Here is a report I found, it is not on same hardware as yours so the GPU performances might be different but newer than less.

CPU 10.5.6: 162 10.6.8: 170 10.8.2: 172

Mountain Lion wins for efficient CPU usage and OSX has improved steadily in this test.


10.5.6: 162

10.6.8: 174

10.8.2: 184

Again, Mountain Lion appears to use memory more efficiently, although the Leopard test had 2GB of Apple Ram whereas SL and ML had 3rd party 4GB ram.

QUARTZ (2D Graphics)

10.5.6: 220

10.6.8: 208

10.8.2: 270

Once Again, Mountain Lion appears to show OSX improving over time on the same hardware.

-- OpenGL (3D rendering)

10.5.6: 160

10.6.8: 157

10.8.2: 96

Here, we see continual drops in performance on the same hardware over time with a MASSIVE drop in Mountain Lion compared to either Leopard or Snow Leopard. I ran this test a few times and it varied somewhat, but ML just plain did horrible. Of course newer hardware would do better, but this is apples to apples using an older test software as well. Most older games aren't going to change so it seems valid to me.

-- User Interface

10.5.6: 340

10.6.8: 295

10.8.2: 245

Once again, we see a continual drop in performance. This is real noticeable performance as well. I noticed a definite slowdown in the feel of Snow Leopard over Leopard and it's pretty clear that ML's eye-candy handling of windows and screens feels slower than Snow Leopard as well (although some of it's new so it's not as easy to compare directly). I'm not sure what's going on here and if it relates to all OpenGL stuff, but that's a pretty sad score given the same hardware.
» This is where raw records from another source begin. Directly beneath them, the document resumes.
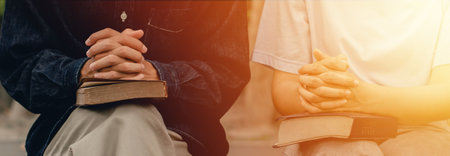 young couples praying to god together and study the Bible together to serve Godの写真素材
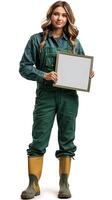Woman in green outerwear and yellow boots holds frame, smiling photo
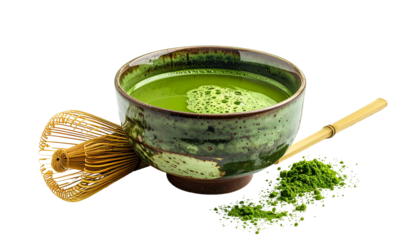 A ceramic bowl of frothy green beverage, whisk, and powdered green tea on a dark background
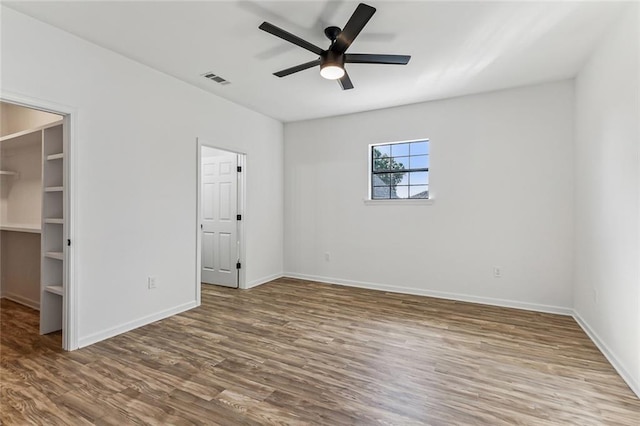 unfurnished bedroom featuring a spacious closet, ceiling fan, and hardwood / wood-style flooring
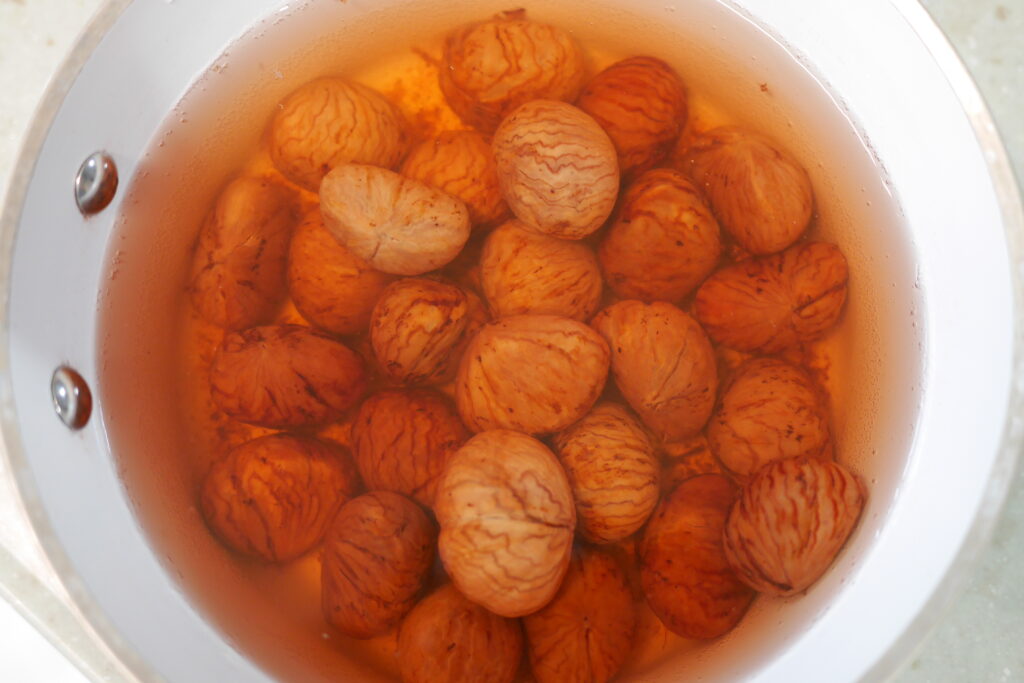 Cleaned chestnuts soaking in fresh water to keep the inner skin from drying out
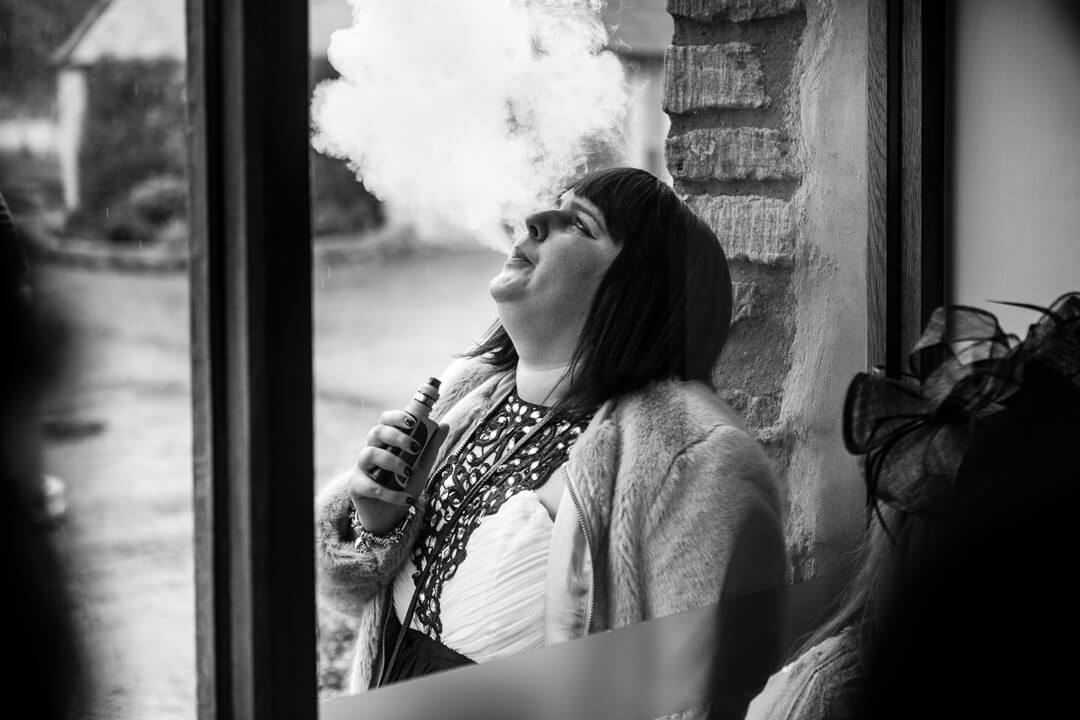 Wedding guest vaping in Gloucestershire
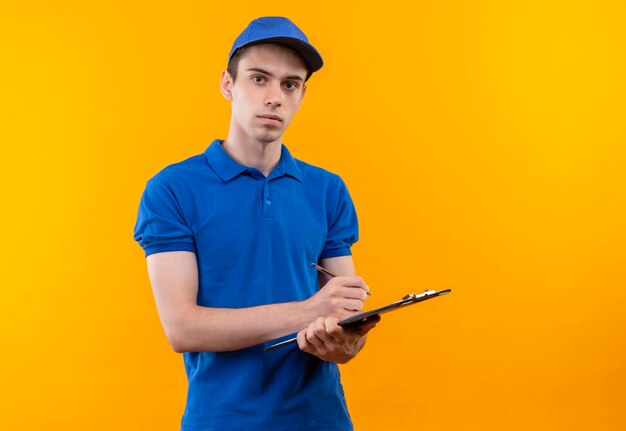 Young courier wearing blue uniform and blue cap writes on the clipboard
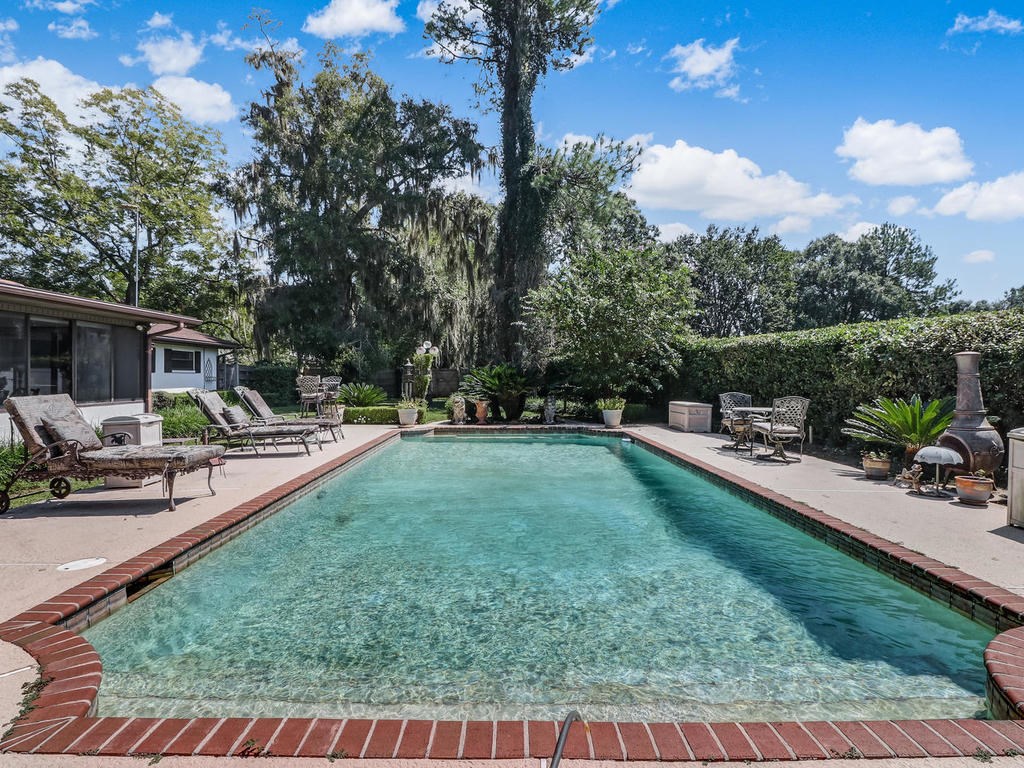 542233 Lem Turner Road Callahan, FL 32011 - Photo 10 of 31 a view of a swimming pool with a patio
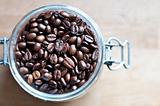 Rich dark coffee beans in a glass recipient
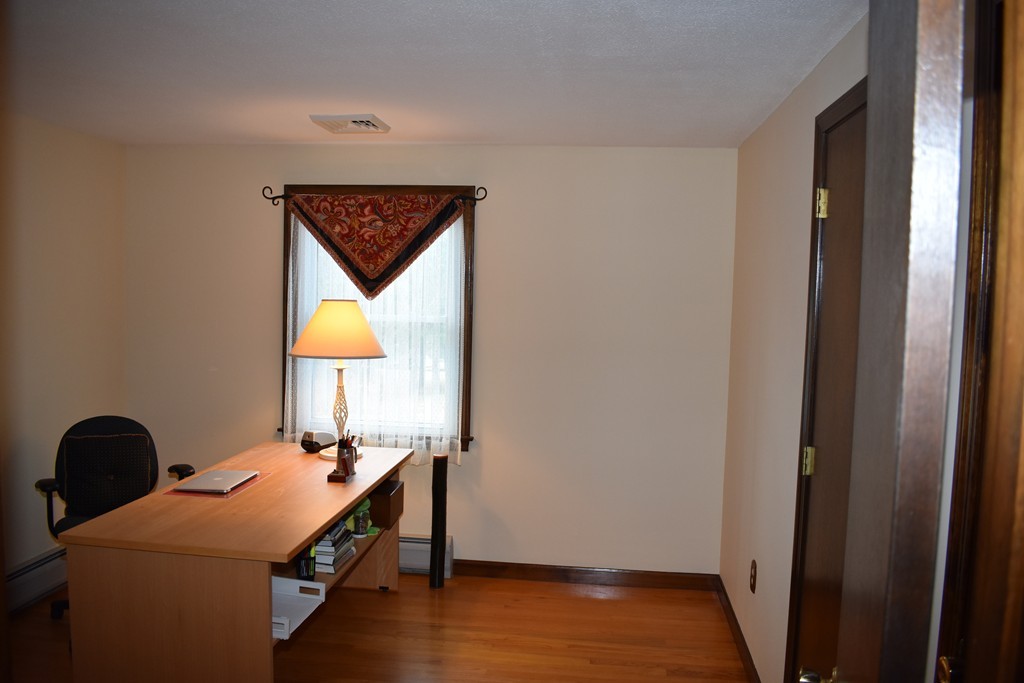 87 Logtown Road Amherst, MA 01002 - Photo 27 of 30 a room with a bed and wooden floor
My Mac Mini has scores for OpenGL that are 2.5x higher, User Interface is 1.8x higher and Quartz is also 2x higher and that's with an Intel 4000 so clearly even Intel's integrated chips are over 2x as fast as the 8600M GT (which wasn't bad for its day for a mobile GPU).

-- Disk Test

10.5.6: 39

10.6.8: 48

10.8.2: 56

The hard drive is different under 10.5.6 (5200 RPM Apple vs 7200 RPM Segate) so you'd expect the 10.6.8 score to improve, but 10.8.2 is clearly faster yet for getting the maximum out of the hard drive. I got 110MB/sec writes vs. a mere 80MB/sec in Snow Leopard with the same drive.

Overall, Mountain Lion appears to be genuine improvement in all the tests over Snow Leopard except OpenGL and User Interface. Unfortunately, these are two HUGELY important areas for a "snappy feel" to the interface and window drawing behavior along with potentially (depending on how it behaves with real world games) affecting OpenGL 3D games quite a bit to the negative on the same hardware. I'll have to try some games to be sure, though.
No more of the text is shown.